If you're using a connector, the simplest thing to do is to bend up one of
the unconnected pins and solder a short piece of wire to a GND pin on the
board. Alternatively you'll need to splice it into your drive's power supply
cable somehow. (The black one.)
## Programming the board
You've got two options here. You can either use the precompiled firmware
supplied with the source, or else install the Cypress SDK and build it
yourself. If you want to hack the firmware source you need the latter, but
if you trust me to do it for you use the precompiled firmware. In either
case you'll need Windows and have to install some Cypress stuff.
**Before you read this:** If you're on Windows, good news! You can download a
precompiled version of the FluxEngine client and precompiled firmware [from
the GitHub releases
page](https://github.com/davidgiven/fluxengine/releases/latest). Simply unzip
it somewhere and run the `.exe` files from a `cmd` window (or other shell).
Follow the instructions below to program the board with the firmware.

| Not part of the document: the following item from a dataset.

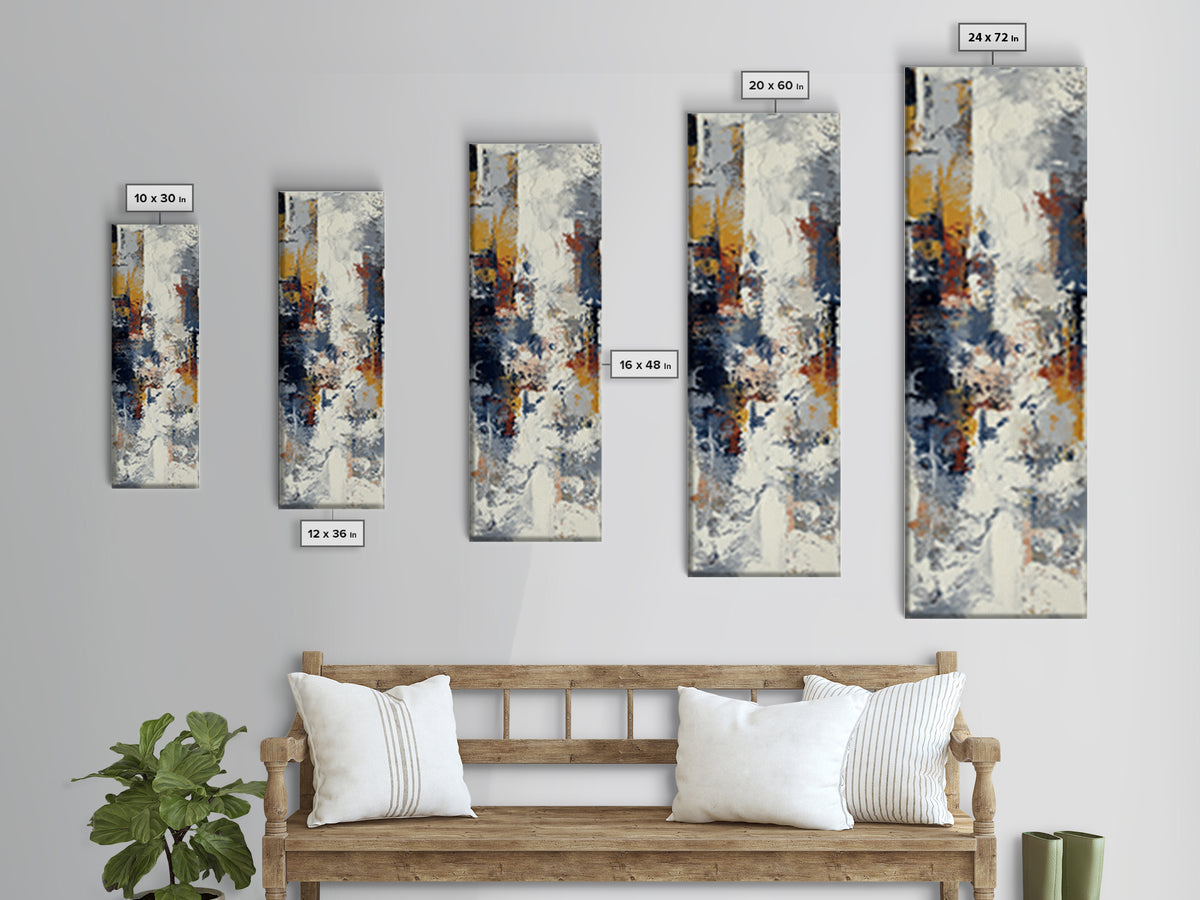 Chaotic Joyful Abstract Canvas Print, Maximalist Art, Retro Wall Art, Living Room Decor, Abstract Art, Maximal, MAX-1x3-10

### Using the precompiled firmware
On your Windows machine, [install the PSoC
Programmer](https://www.cypress.com/products/psoc-programming-solutions).
**Note:** _not_ the Cypress Programmer, which is for a different board!

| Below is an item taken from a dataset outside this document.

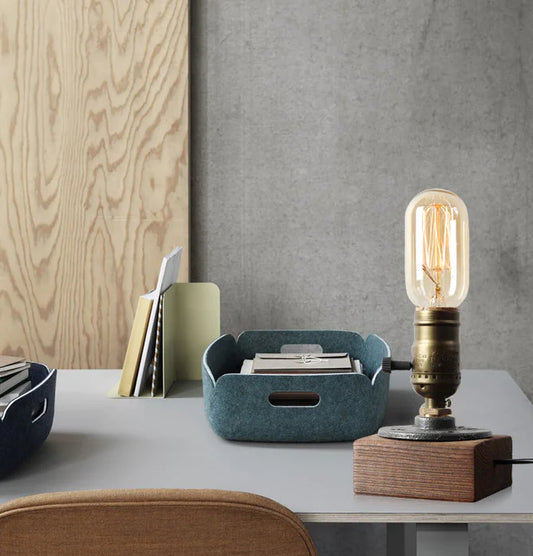 Industrial Pipe Table Lamp for Home or Bar Decor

Cypress will make you register.
Once done, run it. Plug the blunt end of the FluxEngine board into a USB port
(the end which is a USB plug, with exposed traces; this is on the smaller
section of the board). The programmer should detect it and report it as a
KitProg. You may be prompted to upgrade the programmer hardware; if so, follow
the instructions and do it.
Now go to File -> File Load and open
`FluxEngine.cydsn/CortexM3/ARM_GCC_541/Release/FluxEngine.hex` in the
project. If you're on Windows, the precompiled zipfile also contains a copy
of this file. Press the Program button (the one in the toolbar marked with a
down arrow). Stuff will happen and you should be left with three green boxes
in the status bar and 'Programming Succeeded' at the top of the log window.

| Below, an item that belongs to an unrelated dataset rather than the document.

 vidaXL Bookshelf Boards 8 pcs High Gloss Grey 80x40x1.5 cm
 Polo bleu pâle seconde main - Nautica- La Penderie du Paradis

You're done. You can unplug the board and close the programmer.
### Building the firmware yourself
On your Windows machine, [install the Cypress SDK and CY8CKIT-059
BSP](http://www.cypress.com/documentation/development-kitsboards/cy8ckit-059-psoc-5lp-prototyping-kit-onboard-programmer-and).
This is a frustratingly long process and there are a lot of moving parts; you
need to register. You want the file from the above site marked 'Download
CY8CKIT-059 Kit Setup (Kit Design Files, Creator, Programmer, Documentation,
Examples)'. I'm not linking to it in case the URL changes when they update
it.
Once this is done, I'd strongly recommend working through the initial tutorial
and making the LED on your board flash. It'll tell you where all the controls
are and how to program the board. Remember that you have to plug the
programming connector into your computer to flash it; the microusb socket is
used only for application control.
When you're ready, open the `FluxEngine.cydsn/FluxEngine.cyprj` project,
pick 'Program' from the menu, and the firmware should compile and be
programmed onto your board.
**Note:** If programming doesn't work and you get a strange dialogue
box asking about port acquisition, then this is because the device isn't
responding to the programmer. This is normal but annoying. You should see the
device in the dialogue. Select it and press the 'Port Acquire' button. The
device should reset and an extra item will appear in the dialogue; select
this and press OK.
If acquiring the port doesn't work, resulting in the IDE hanging for 45
seconds and then producing a meaningless error message, you need to reset the
programmer (the little board hanging off the side of the bigger board).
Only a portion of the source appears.